Agreed. I had a friend give me some venison sausage once and there was no way I could have fed it to the dogs...there were so many spices in it that it didn't even smell like meat anymore once it was cooked. lol


----------



## DaneMama (Jun 27, 2008)

We've fed sausage before with no ill effects.


----------



## RawFedDogs (Jun 16, 2008)

The deer sausage I have seen is way too spicey for me to feel comfortable feeding.


----------



## deb9017 (Aug 31, 2010)

Yeah I know some of it can be pretty spicy. I am going to thaw some out, sniff it a little, and see what I think!


----------



## Ania's Mommy (Feb 8, 2009)

This may be a totally ignorant question, but isn't all deer sausage cooked?


----------



## deb9017 (Aug 31, 2010)

Ania's Mommy said:


> This may be a totally ignorant question, but isn't all deer sausage cooked?


I don't know. I have never had any before. It does not appear to be cooked from what I can tell through the package. But I guess I will have to check it out.


----------



## DaneMama (Jun 27, 2008)

The sausage we have always gotten was raw. And not that spicy smelling....never eaten any of it.


----------



## RawFedDogs (Jun 16, 2008)

The sausage I have gotten was raw but the instant you opened the wrapping, you were hit with the spicey sausage aroma.


----------



## DaneMama (Jun 27, 2008)

RawFedDogs said:


> The sausage I have gotten was raw but the instant you opened the wrapping, you were hit with the spicey sausage aroma.

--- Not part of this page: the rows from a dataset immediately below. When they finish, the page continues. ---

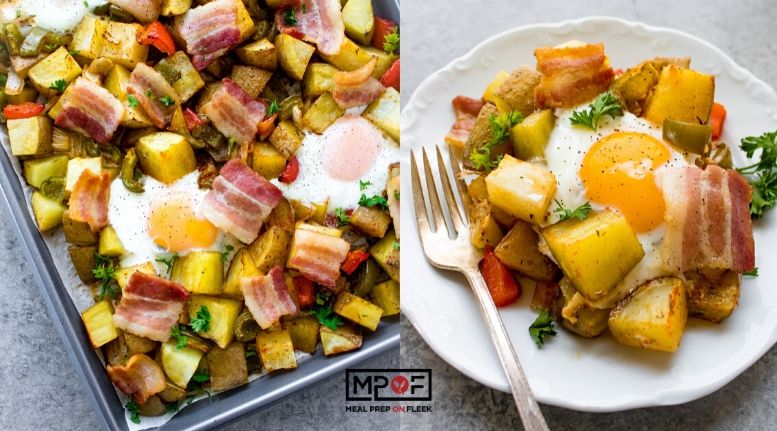 Sheet Pan Breakfast Hash and Eggs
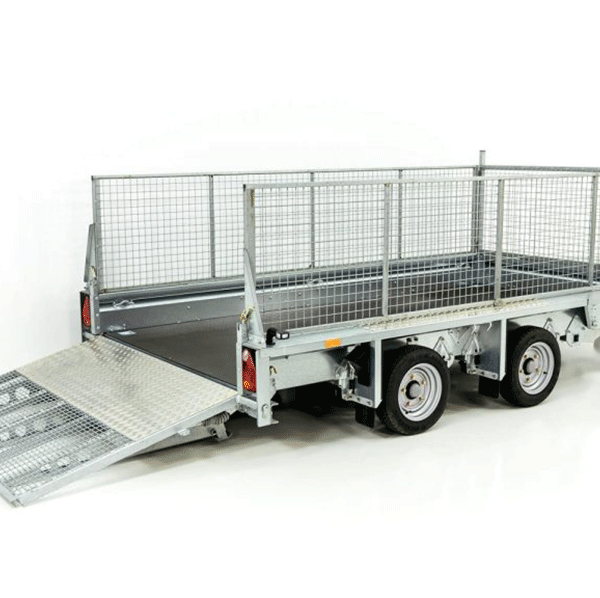 Ifor Williams Baumaschinenanhänger GX126 3,5t|Rampe|Gitteraufsatz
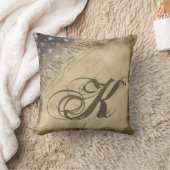 私たちパーソナライズされたアメリカ国旗の枕 クッション (ブランケット)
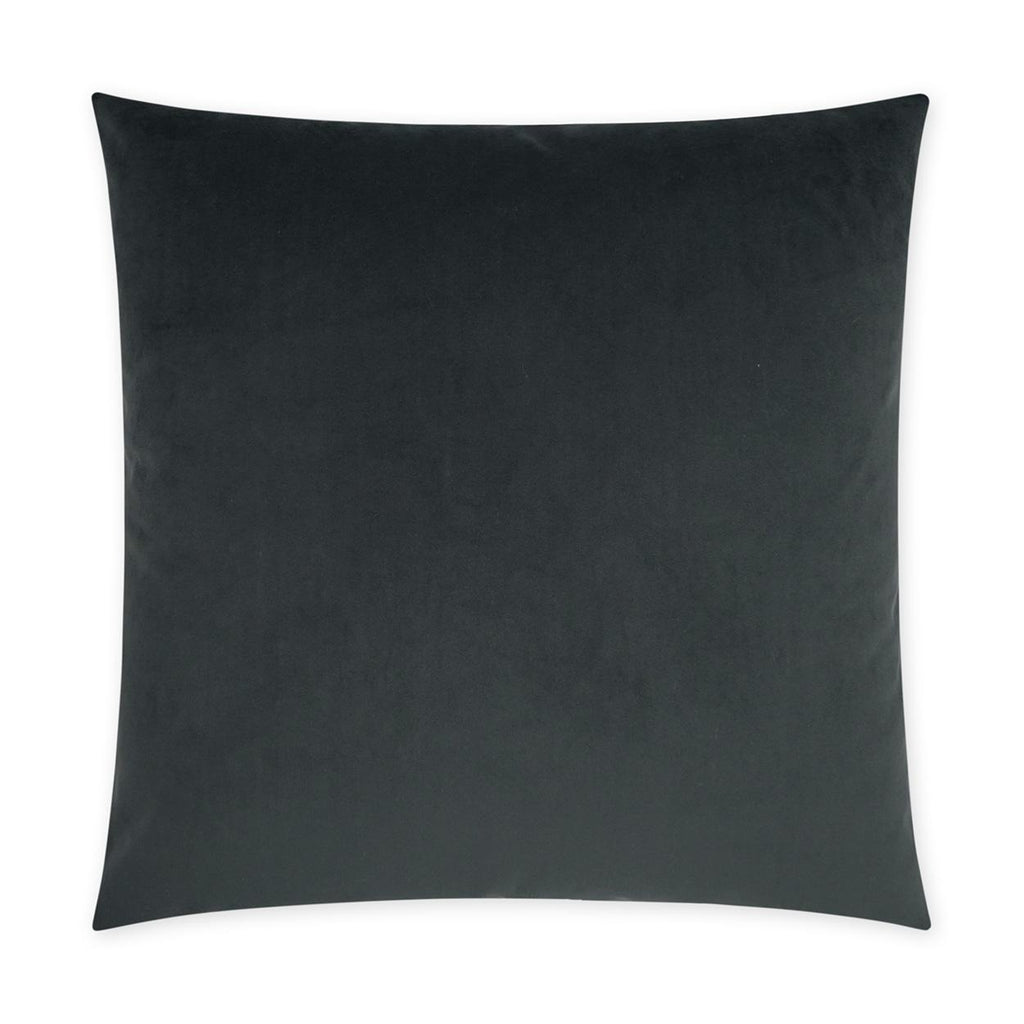 D.V. Kap Home Posh Duo Charcoal 24" x 24" Pillow Cover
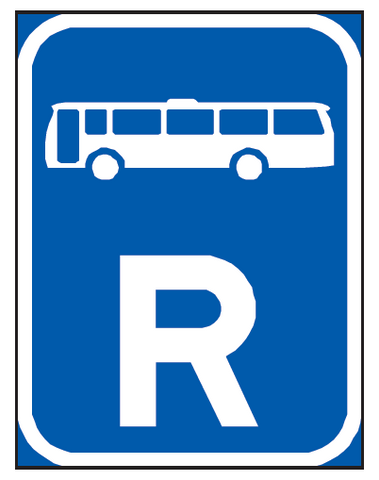 Bus reservation road sign (R301)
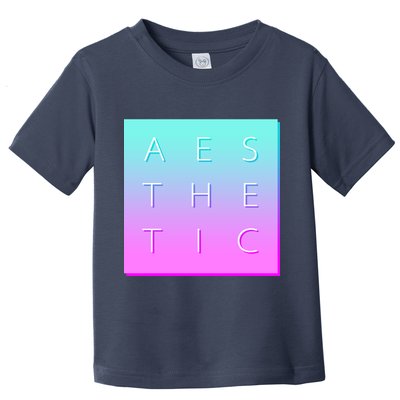 Vaporware Aesthetic Square Toddler T-Shirt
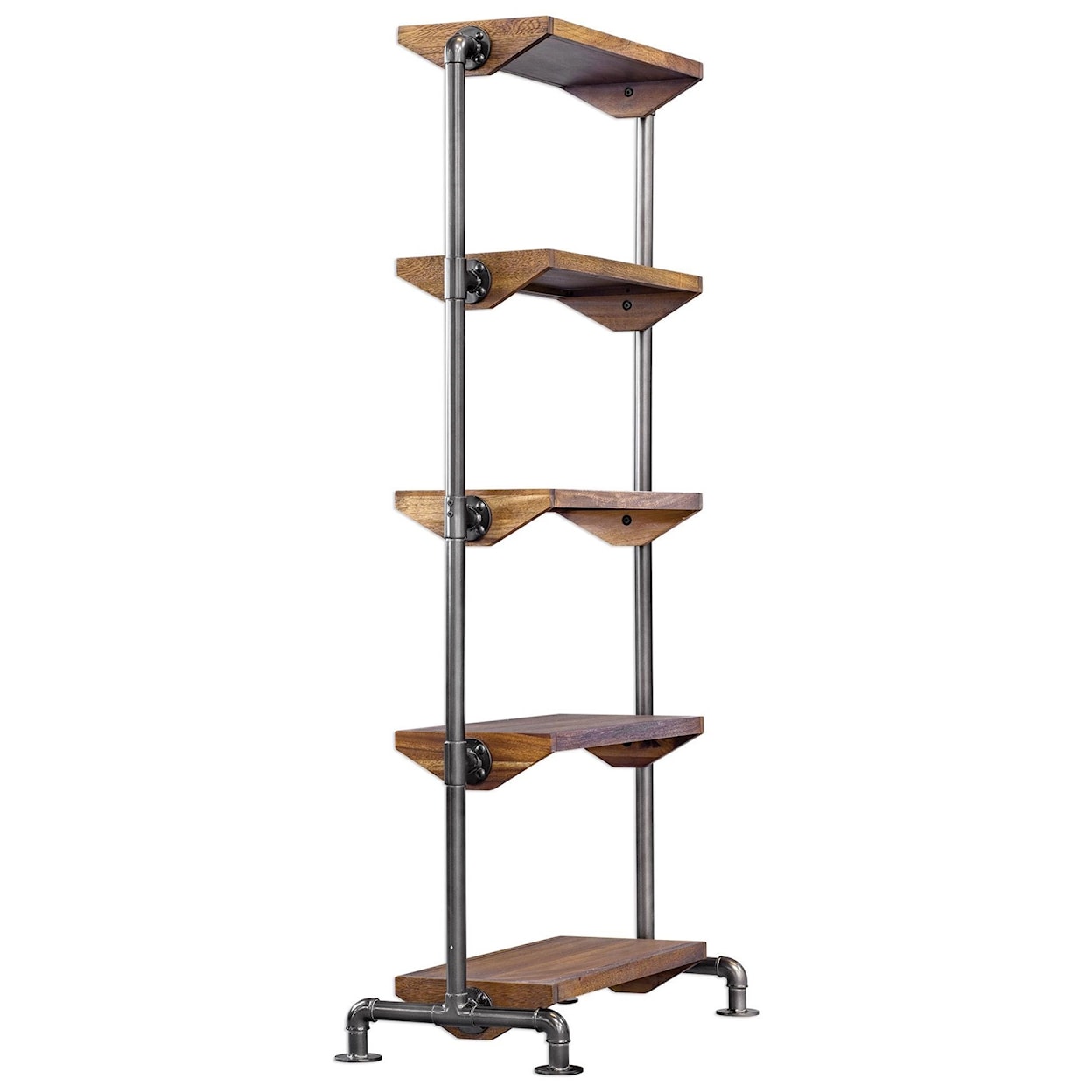 Uttermost Accent Furniture - Bookcases Rhordyn Industrial Etagere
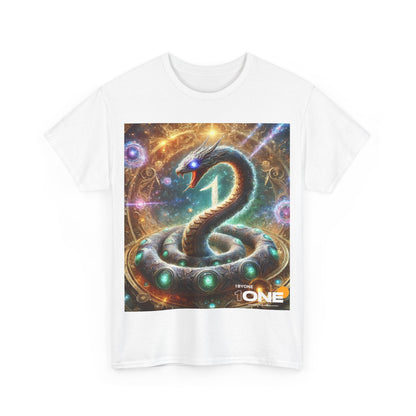 1ByOne 1 By One Cosmic Dragon T-Shirt – Bold Space Fantasy Design, Premium Graphic Tee for Gamers, Sci-Fi Lovers, & Fantasy Enthusiasts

If the sausage we had gotten was THAT spicy I probably wouldn't feed it either.


----------



## moon (Jul 15, 2010)

I wouldn't feed it to the dogs, but the stuff I've had makes pretty good lasagna!

And yes, you should cook it first!


----------



## Newfdad (Sep 6, 2010)

Maybe a clarification on just what kind of sausage this is? Are we talking something like summer sausage, which is cured and hard. Or is this more like breakfast sausage, in which case the deer may be mixed with some pork fat. Is it in a casing, like a bratwurst, or what?


----------



## deb9017 (Aug 31, 2010)

It is in a casing. Long, curved giant sausage link looking sausage.


----------



## whiteleo (Sep 7, 2008)

If it is like summer sausage then it is definitely cooked and will have spices in it, I wouldn't feed it to the dogs!


----------



## Spaz (Sep 3, 2009)

I got venison sausage (looks like ground venison) from a lady off of craigslist once. I fed it to Hannah just because it was free. It didn't smell spicy and she gobbled it right up. I wouldn't waste my money on it but it was free. :smile:


----------



## Newfdad (Sep 6, 2010)

I guess I would cut open the casing and take a look & smell. If it looks like nothing more than ground meat and fat, then I would tend to think it would be okay. But, if it smells like Jimmy Dean, or like italian sausage or something like that, or you can see spices in it, I would pass. That's just me opining


----------



## Mia (Oct 4, 2010)

I got free deer sausages before, I ended up selling it for a really cheap price to someone else.

It was still good, just the fact the hunter needed some space.


----------